▶ RECORDS TO PROCESS
★ ★ ★ ★ ★ ★ ★
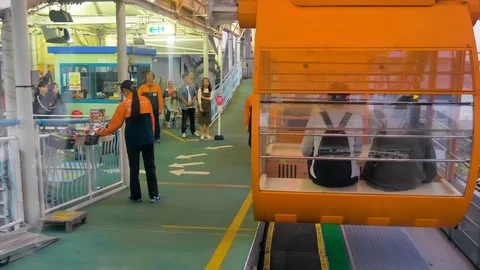 Passengers inside the capsule of the ferris wheel in Osaka Japan Stock Footage 129275538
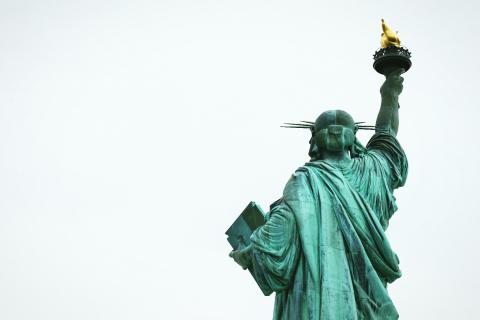 The Statue of Liberty looks ahead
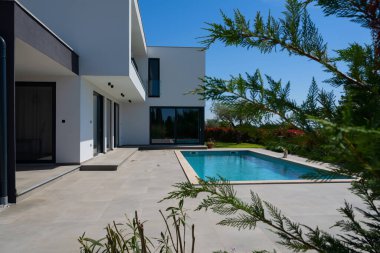 Yüzme havuzlu modern lüks villa ve mavi gökyüzünün altında temiz minimalist mimari. Geniş pencereler, teraslar ve zarif açık hava yaşam alanlarının bulunduğu çağdaş yerleşim alanı..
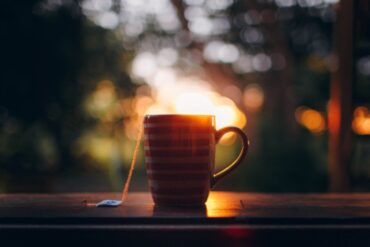 mug of tea on windowsill at sunset - tips on designing a safe and comfortable home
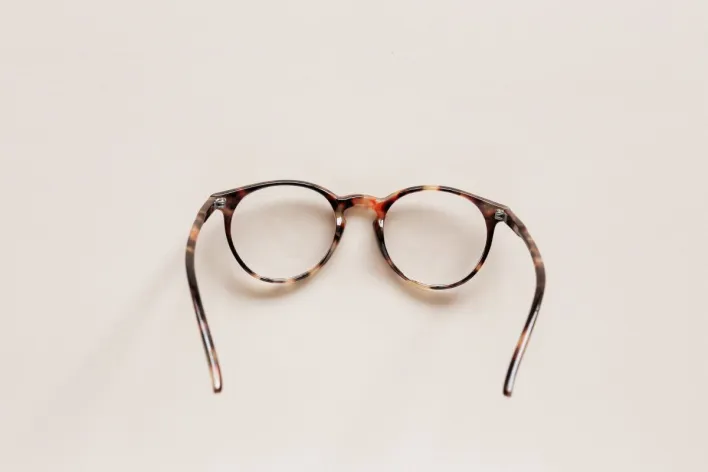 From above of fashion spectacles for vision of round shape in tortoise shell placed on white tabletop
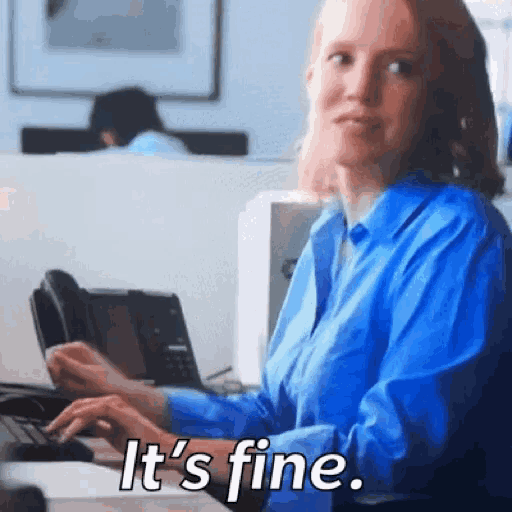 a woman in a blue shirt is sitting at a desk typing on a keyboard and says it 's fine .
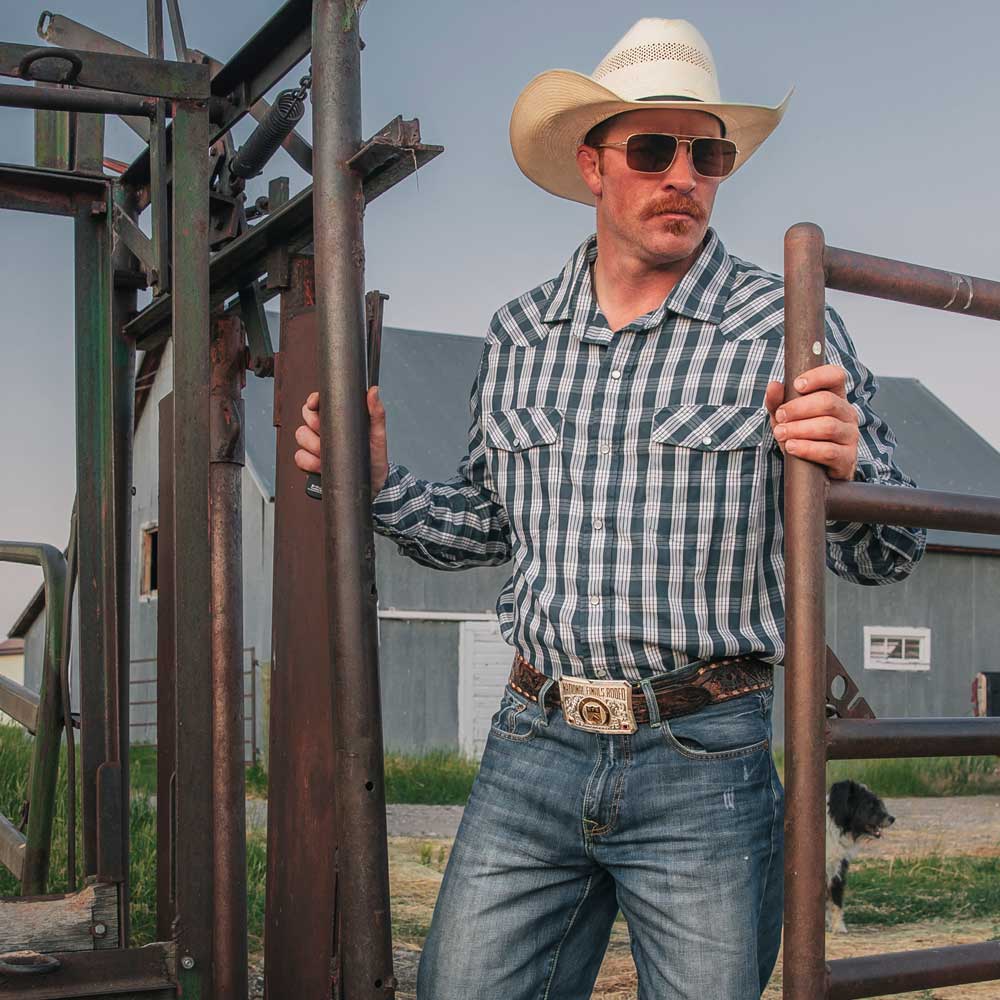 Cowboy Wearing Montana Silversmiths 2024 National Finals Rodeo Premiere Western Belt Buckle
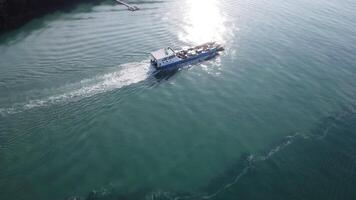 Many fishing boats near the seashore in tropical islands. Pier of the villagers on the southern island of Thailand. top view from drones. video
★ ★ ★ ★ ★ ★ ★
▶ EXERCISE DIRECTIONS
Exact copy, no pictures: reproduce every entry shown above.

▶ YOUR SOLUTION
 Passengers inside the capsule of the ferris wheel in Osaka Japan Stock Footage 129275538
 The Statue of Liberty looks ahead
 Yüzme havuzlu modern lüks villa ve mavi gökyüzünün altında temiz minimalist mimari. Geniş pencereler, teraslar ve zarif açık hava yaşam alanlarının bulunduğu çağdaş yerleşim alanı..
 mug of tea on windowsill at sunset - tips on designing a safe and comfortable home
 From above of fashion spectacles for vision of round shape in tortoise shell placed on white tabletop
 a woman in a blue shirt is sitting at a desk typing on a keyboard and says it 's fine .
 Cowboy Wearing Montana Silversmiths 2024 National Finals Rodeo Premiere Western Belt Buckle
 Many fishing boats near the seashore in tropical islands. Pier of the villagers on the southern island of Thailand. top view from drones. video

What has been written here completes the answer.